Move over, Taylor Swift. There’s a new sheriff in town, and he goes by the name of Oliver Anthony. His latest gig, which was as secret as a ninja until the day before, smashed all attendance records set by Taylor Swift’s much-hyped but overrated “Eras Tour.”
“It was nothing short of spectacular,” gushed concert promoter Joe Barron, “We transitioned from Ted Nugent’s Chili Cookoff on Saturday to a sea of nearly a million people swarming the fairground on Sunday. Ted was thrilled to be part of it, though a tad red-faced.”
“I owe it all to Ted Nugent,” Anthony confessed to the crowd, “Without his invite, none of you would have had the chance to savor his prize-winning canned whitetail chili.” Anthony then offered a prayer, read a passage from Ezekiel 7, and belted out his two songs.
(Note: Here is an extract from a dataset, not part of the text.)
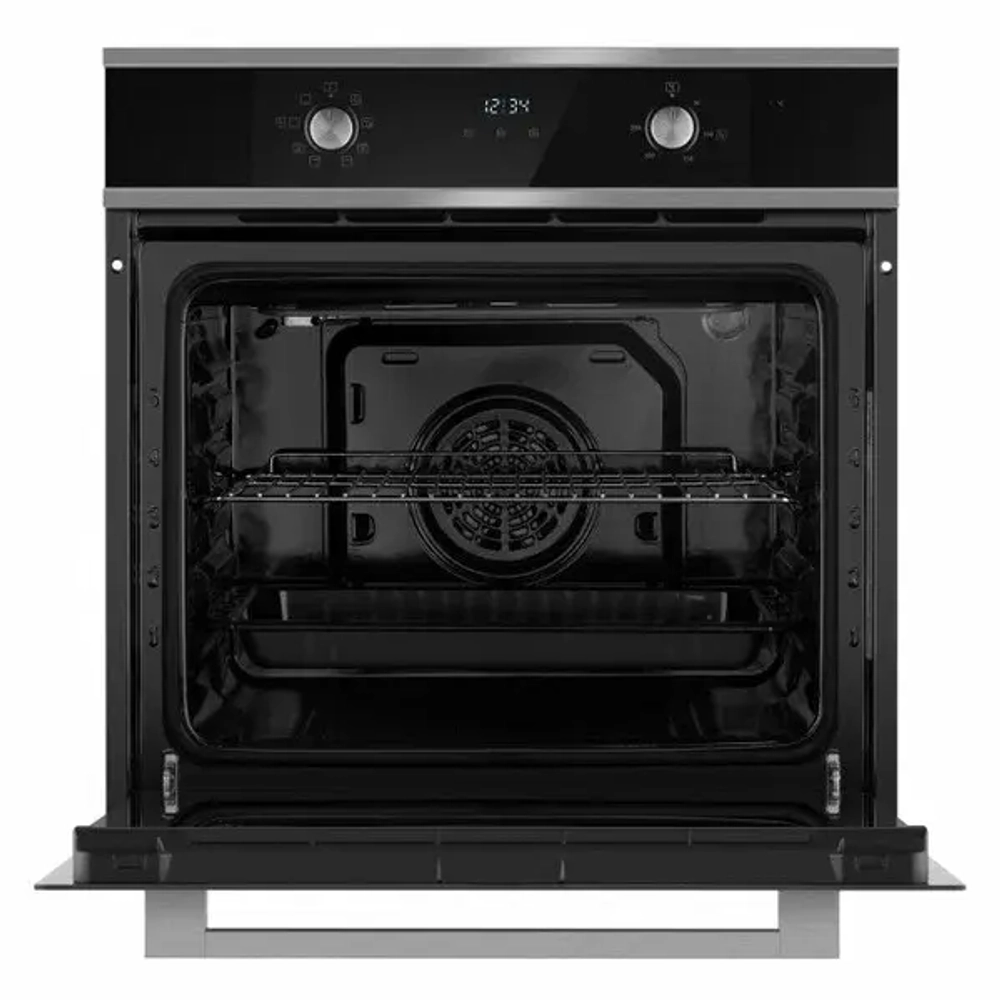 Духовой шкаф Weissgauff EOM 388 PDX Steam Clean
The crowd, in their excitement, hadn’t given a thought about their exit strategy, and local authorities suspect some might be marooned near the event’s epicenter for weeks, or even months. “With winter on the horizon,” warned Journalisticator Tara Newhole, “We might have to resort to airdropping supplies to these poor souls.”
Newhole confessed that she hadn’t seen such a sea of overalls since Sacha Baron Cohen had all the country folks crooning “Wuhan Flu.”
Anthony, who’s right in the thick of things, has taken the bull by the horns, declared martial law, and put a stop to all food stamps for those who could fend for themselves if they weren’t on the brink of starvation and heading towards a dystopian nightmare.